Myasthenia gravis (MG) is an antibody-mediated and T cell-dependent autoimmune disease of the neuromuscular junction (NMJ), the pathogenesis of which is poorly understood. About 50%-85% of ocular myasthenia gravis (OMG) patients progress to generalized myasthenia gravis (GMG), and approximately 15%-20% of patients with MG will experience potentially fatal myasthenic crises due to respiratory muscle weakness ^[17][140]. In recent years, many studies have revealed that miRNAs are key regulators of MG pathogenesis ^[17][18][140,141].

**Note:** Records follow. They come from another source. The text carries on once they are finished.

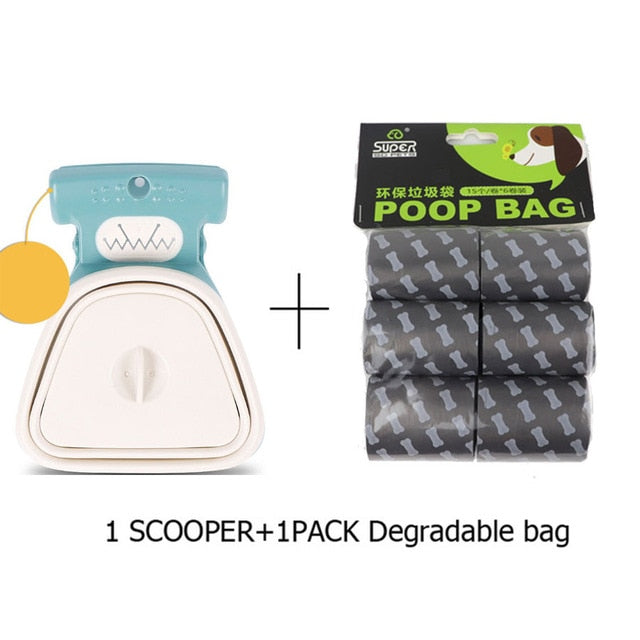 Pet Dog Poop Bag Dispenser Travel Foldable Pooper Scooper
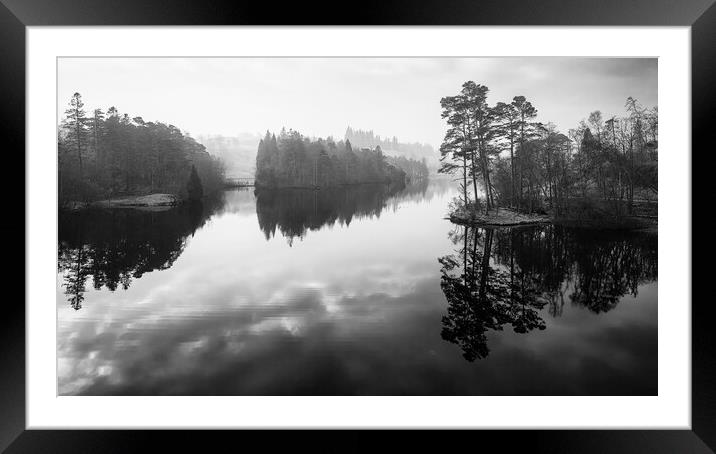 Misty Tarn Hows Framed Mounted Print by Tim Hill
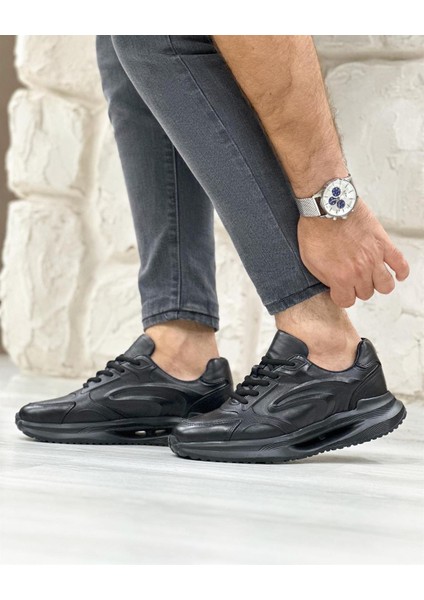 0349 Siyah Sneaker Erkek Ayakkabı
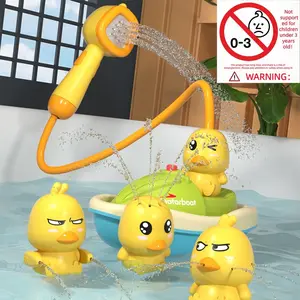 Water Play Toy, Electric Rotating Duck Boat Sprinkler, Baby Bath Shower Toy, Fun Bathroom Play Equipment for Kids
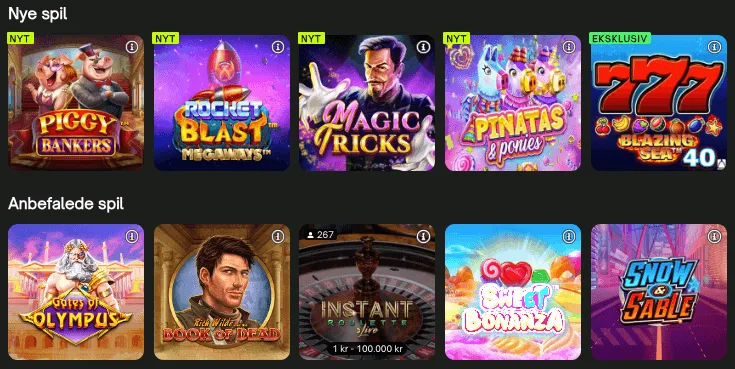 Comeon casino spil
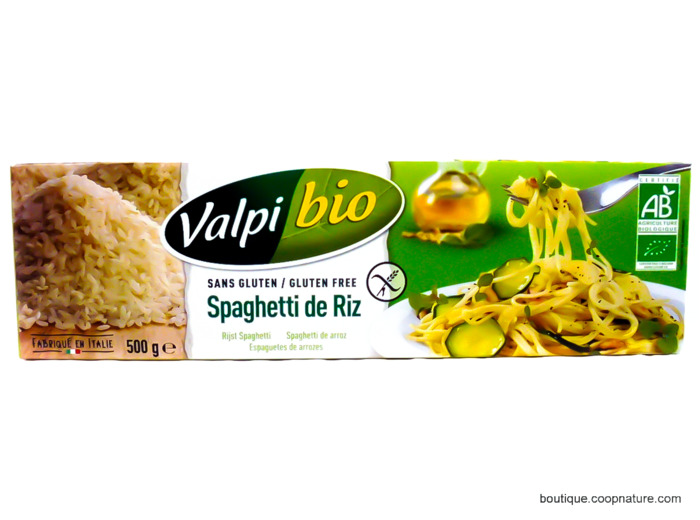 Spaghettis de Riz Sans Gluten Bio 500g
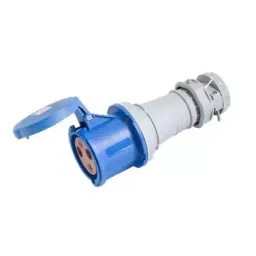 THERMOSPAN Industrial Standard Socket Plastic 63 A 3P+E IP67, Blue & Grey-picture-12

In a study by Xu et al., the expression of plasma exosomal miRNAs in MG and their involvement in MG pathogenesis were investigated ^[19][142]. The authors used deep sequencing and qRT-PCR analyses to reveal that exosomal miR-106a-5p was significantly downregulated in patients with OMG and GMG compared to healthy control subjects. They additionally indicated that levels of this miRNA were notably reduced in patients with GMG compared to OMG ^[19][142].

It is now believed that cardiac hypertrophy is a pathological process, as it can lead to heart failure, arrhythmia, and even sudden death ^[20][143]. Cardiac hypertrophy is a condition associated with growth of cardiomyocyte size and the overexpression of many fetal genes, causing left ventricular (LV) wall thickness and diminished normal cardiac function ^[21][144].

The reports on miRNA involvement in the regulatory network of cardiovascular disease have shown the upregulation of miR-106a in cardiac hypertrophy, and mitofusin 2 (Mfn2) was identified as the potential target gene for this miRNA. Mfn2, a key member of the mitofusin protein family, is located in the outer membrane of mitochondria and acts to maintain this organelle’s structure ^[22][23][145,146]. Mfn2 is known as a cell proliferation suppressor gene, probably by inhibiting the MAPK/ERK pathway. Recent studies indicate that Mfn2 deficiency is involved in cardiovascular disease ^[21][23][24][144,146,147].

Based on these facts, a study was conducted by Guan et al. to investigate the role of miR-106a in hypertrophic growth of the heart by targeting Mfn2 using a mouse model of cardiac hypertrophy and a cellular model of cardiomyocyte hypertrophy ^[21][144]. They showed that miR-106a overexpression was sufficient to induce hypertrophic growth via directly targeting Mfn2. It was confirmed that the knockdown of miR-106a could inhibit the damage while reversing the hypertrophic alterations. Thus, miR-106a may be a promising molecular target in treating pathological hypertrophy and other cardiac disorders ^[21][25][144,148].